The EPA says that the Clean Power Plan will cut carbon emissions from the US power sector by 20% by 2030, cut pollution and, as a result, improve health, and reduce energy bills by about 8% by increasing energy efficiency and reducing energy demand.

While these aims are still modest compared with actions being taken in Europe, for example, they are a major step forward and will give a powerful lead at the climate summit in September 2014 in New York and COP21 in Paris in 2015.

But concentrating on emissions reduction is only part of the story.  Without action to limit production of fossil fuels, we shall be no further forward.  We have seen what the impact of shale gas in the US had on US coal prices and the resulting increase in coal burn in Europe leading to higher carbon emissions in the UK and elsewhere in 2012.  Reducing coal burn in the US without reducing US coal extraction will have the same impact on coal prices.  And, if the coal is not burnt in Europe, because of closing coal-fired power stations, it will go elsewhere.  The availability of cheap coal will make it politically much more difficult for countries not already committed to reducing their carbon emissions to do so.
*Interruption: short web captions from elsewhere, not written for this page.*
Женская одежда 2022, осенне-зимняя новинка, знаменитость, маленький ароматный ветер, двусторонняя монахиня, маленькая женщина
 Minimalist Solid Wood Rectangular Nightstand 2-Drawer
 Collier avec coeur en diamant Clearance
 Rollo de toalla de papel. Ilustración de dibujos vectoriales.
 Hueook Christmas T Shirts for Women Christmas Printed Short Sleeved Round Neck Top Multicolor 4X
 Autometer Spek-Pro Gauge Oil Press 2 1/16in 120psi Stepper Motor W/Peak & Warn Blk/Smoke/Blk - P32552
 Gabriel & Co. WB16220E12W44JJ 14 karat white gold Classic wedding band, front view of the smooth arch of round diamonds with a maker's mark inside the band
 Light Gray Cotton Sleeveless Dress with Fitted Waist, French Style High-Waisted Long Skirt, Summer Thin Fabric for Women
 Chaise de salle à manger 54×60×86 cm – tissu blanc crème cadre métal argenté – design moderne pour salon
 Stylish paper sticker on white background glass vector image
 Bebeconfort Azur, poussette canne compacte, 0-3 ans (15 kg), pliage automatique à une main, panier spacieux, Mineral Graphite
Cutting back on fossil fuel production is far from easy for any country.  Economies and jobs depend on it.  But it is simple Economics 101 that if demand is reduced while production is not curtailed, prices will go down.  In the absence of global agreement to reduce carbon emissions, cheaper coal will be just too tempting to some countries.  Some solution must be found.

Bard Halstad  has suggested that countries committed to emissions reduction should buy up fossil fuel deposits to leave them in the ground.  This may not work, but at least he has focused on the problem and started a debate.

Two aspects of what are needed are clear, however.  Help must be given to those regions that currently depend on coal-mining to assist them through the transition.  And, as the Commons’ Energy and Climate Change Committee recommended last month, we need to fast track decisions on carbon capture and storage.